Limits to Depth Efficiencies of Self-Attention

Part of Advances in Neural Information Processing Systems 33 (NeurIPS 2020)

AuthorFeedback Bibtex MetaReview Paper Review Supplemental

Authors

Yoav Levine, Noam Wies, Or Sharir, Hofit Bata, Amnon Shashua

Abstract

Self-attention architectures, which are rapidly pushing the frontier in natural language processing, demonstrate a surprising depth-inefficient behavior: Empirical signals indicate that increasing the internal representation (network width) is just as useful as increasing the number of self-attention layers (network depth). In this paper, we theoretically study the interplay between depth and width in self-attention. We shed light on the root of the above phenomenon, and establish two distinct parameter regimes of depth efficiency and inefficiency in self-attention.
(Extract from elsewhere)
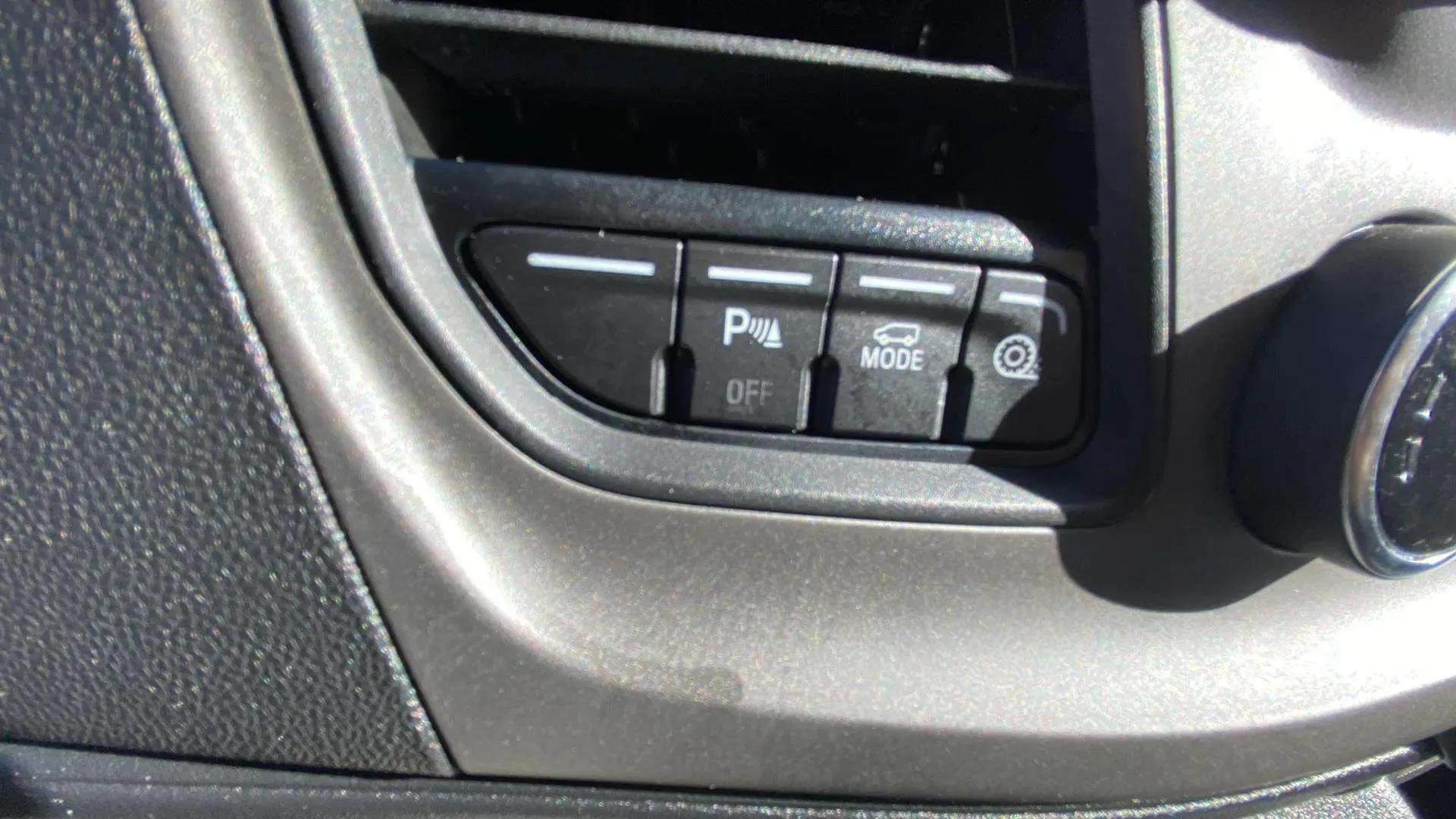Ford Transit Custom Kombi 2.0 TDCi 320 L1 Trend - foto 19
We invalidate the seemingly plausible hypothesis by which widening is as effective as deepening for self-attention, and show that in fact stacking self-attention layers is so effective that it quickly saturates a capacity of the network width. Specifically, we pinpoint a ``depth threshold" that is logarithmic in the network width: for networks of depth that is below the threshold, we establish a double-exponential depth-efficiency of the self-attention operation, while for depths over the threshold we show that depth-inefficiency kicks in. Our predictions accord with existing empirical ablations, and we further demonstrate the two depth-(in)efficiency regimes experimentally for common network depths of 6, 12, and 24. By identifying network width as a limiting factor, our analysis indicates that solutions for dramatically increasing the width can facilitate the next leap in self-attention expressivity.